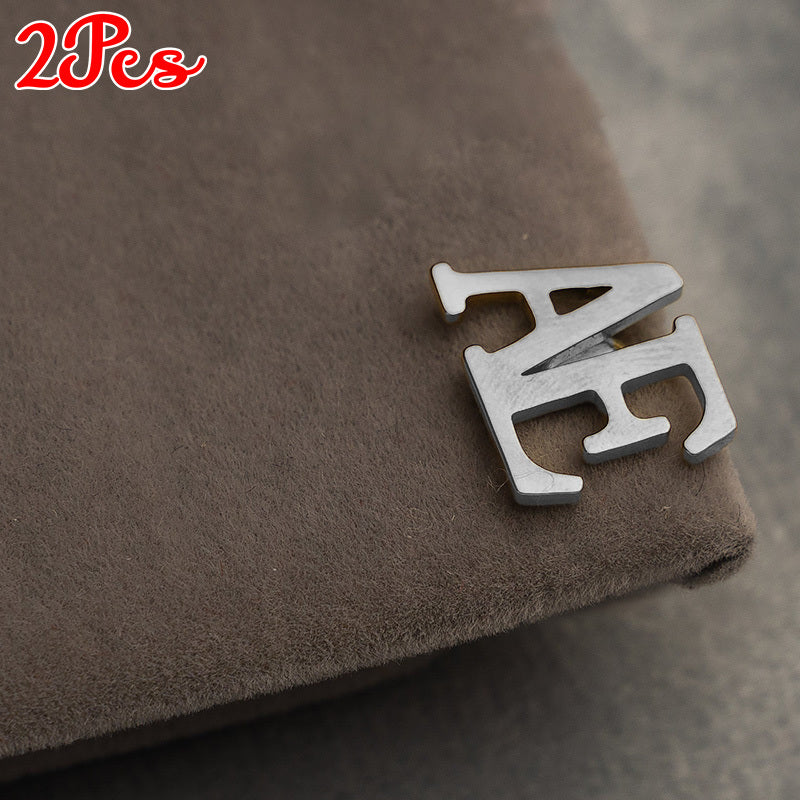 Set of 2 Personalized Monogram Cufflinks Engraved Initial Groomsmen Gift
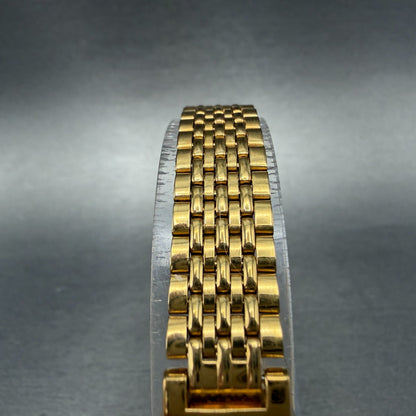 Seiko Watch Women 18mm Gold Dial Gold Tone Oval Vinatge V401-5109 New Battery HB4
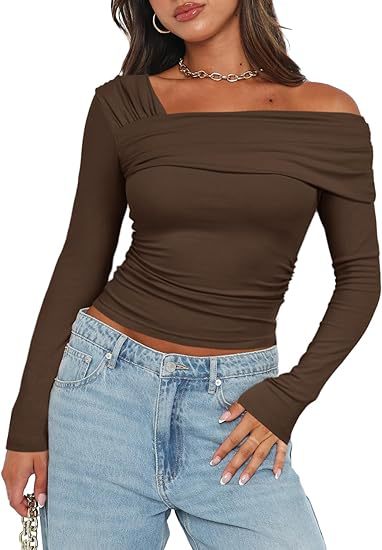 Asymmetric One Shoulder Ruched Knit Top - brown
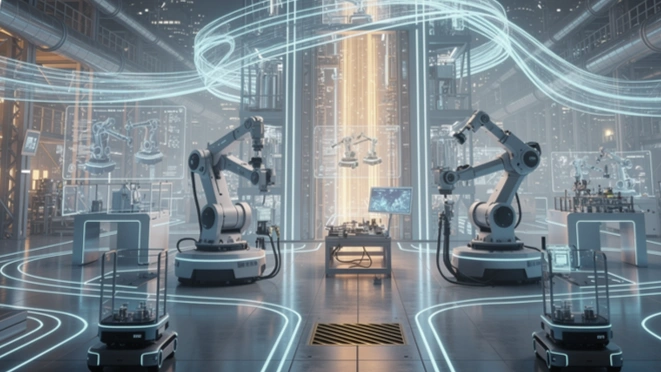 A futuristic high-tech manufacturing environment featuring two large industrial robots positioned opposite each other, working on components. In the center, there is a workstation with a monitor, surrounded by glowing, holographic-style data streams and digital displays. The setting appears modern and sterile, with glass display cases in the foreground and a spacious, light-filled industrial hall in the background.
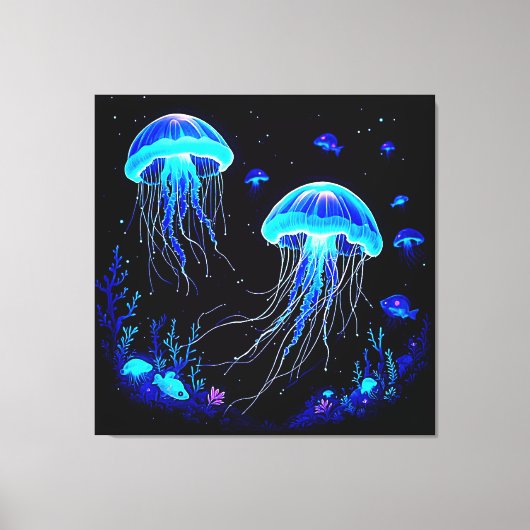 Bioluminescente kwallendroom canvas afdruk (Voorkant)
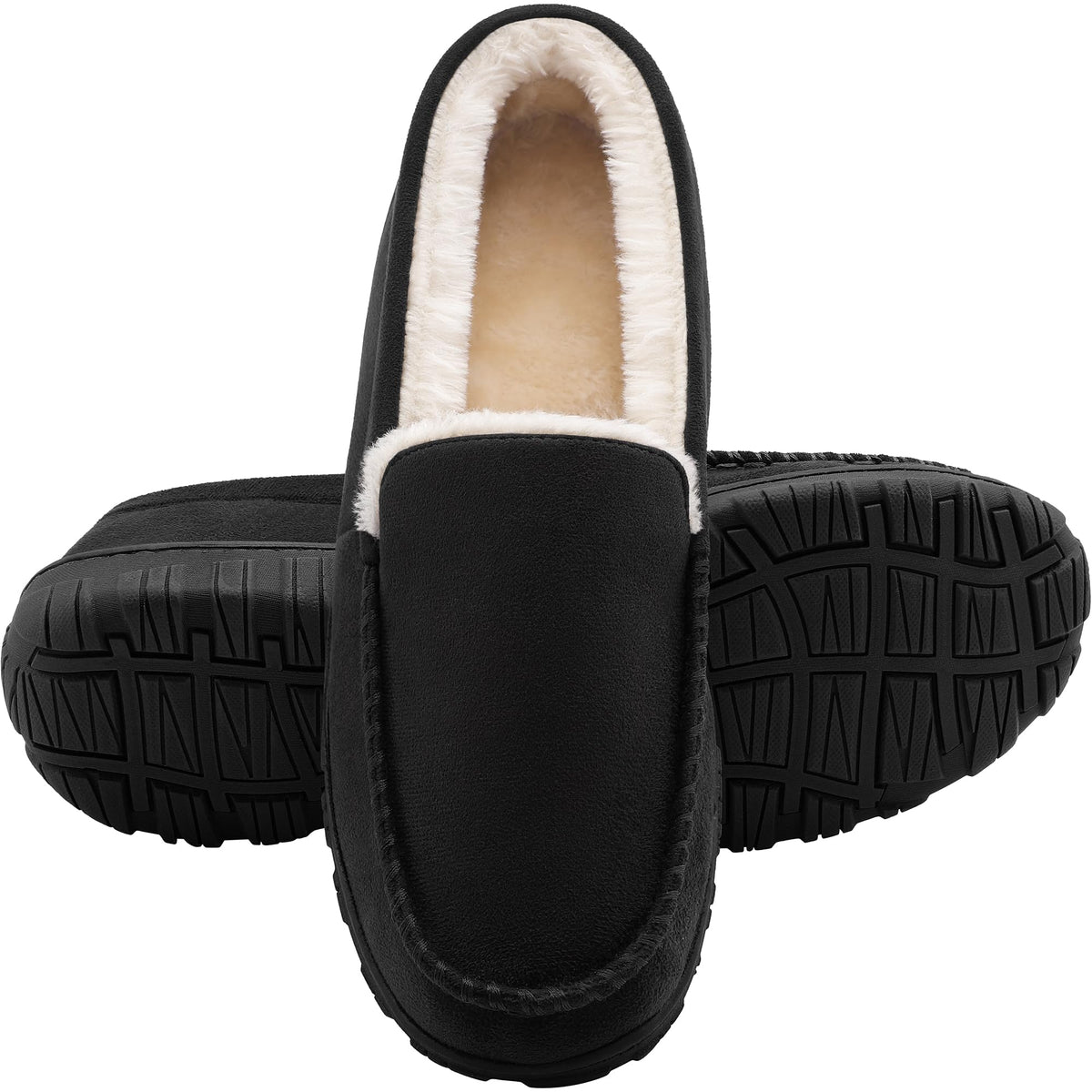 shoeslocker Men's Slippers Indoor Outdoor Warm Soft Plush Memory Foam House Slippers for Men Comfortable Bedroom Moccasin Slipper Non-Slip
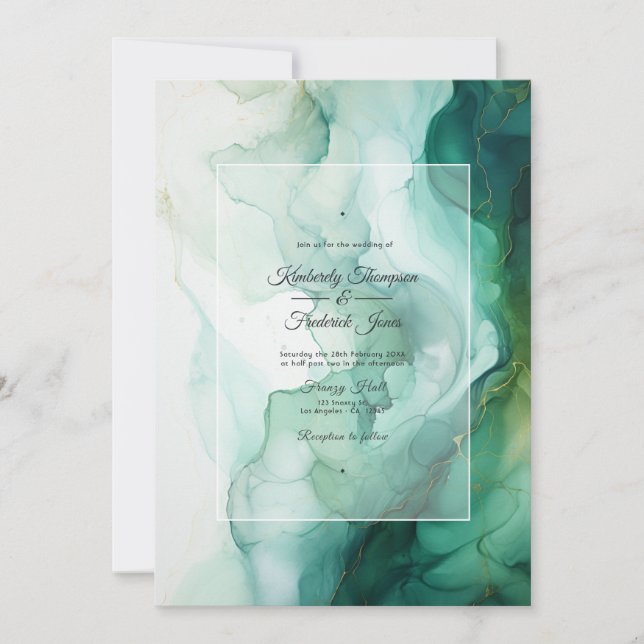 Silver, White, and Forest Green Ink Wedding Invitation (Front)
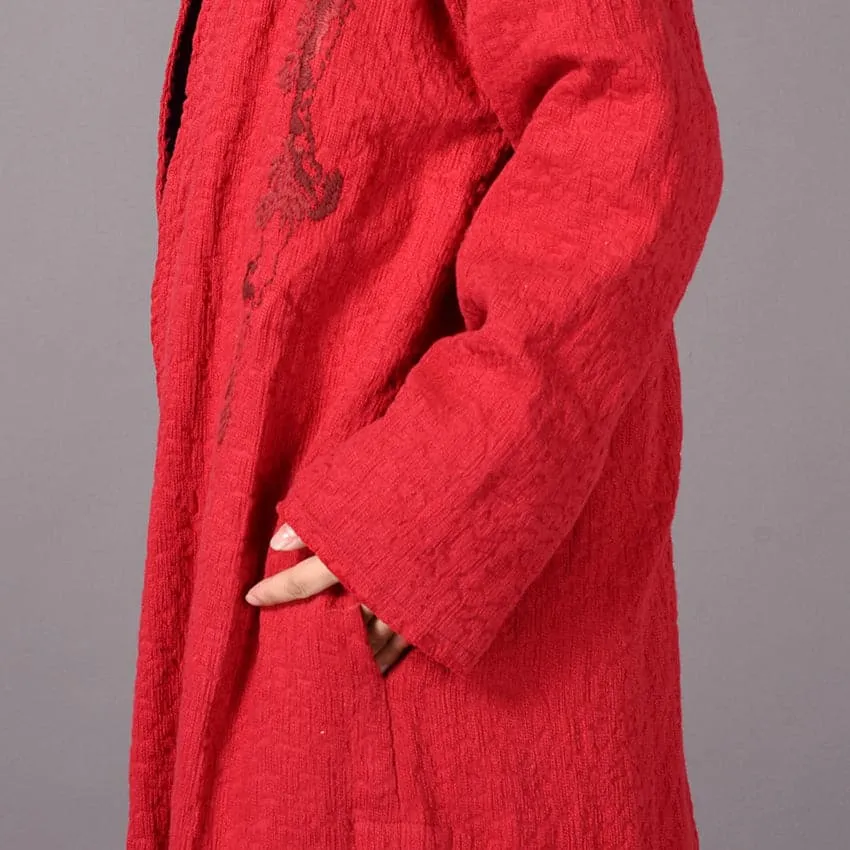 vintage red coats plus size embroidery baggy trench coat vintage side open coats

□ □ □ □

→ Exercise prompt:
Your answer must be an exact copy of the lines above, from the line that contains "Silver, White, and" through the final line, with no pictures in it.

→ Reply to the task:
 Silver, White, and Forest Green Ink Wedding Invitation (Front)
 vintage red coats plus size embroidery baggy trench coat vintage side open coats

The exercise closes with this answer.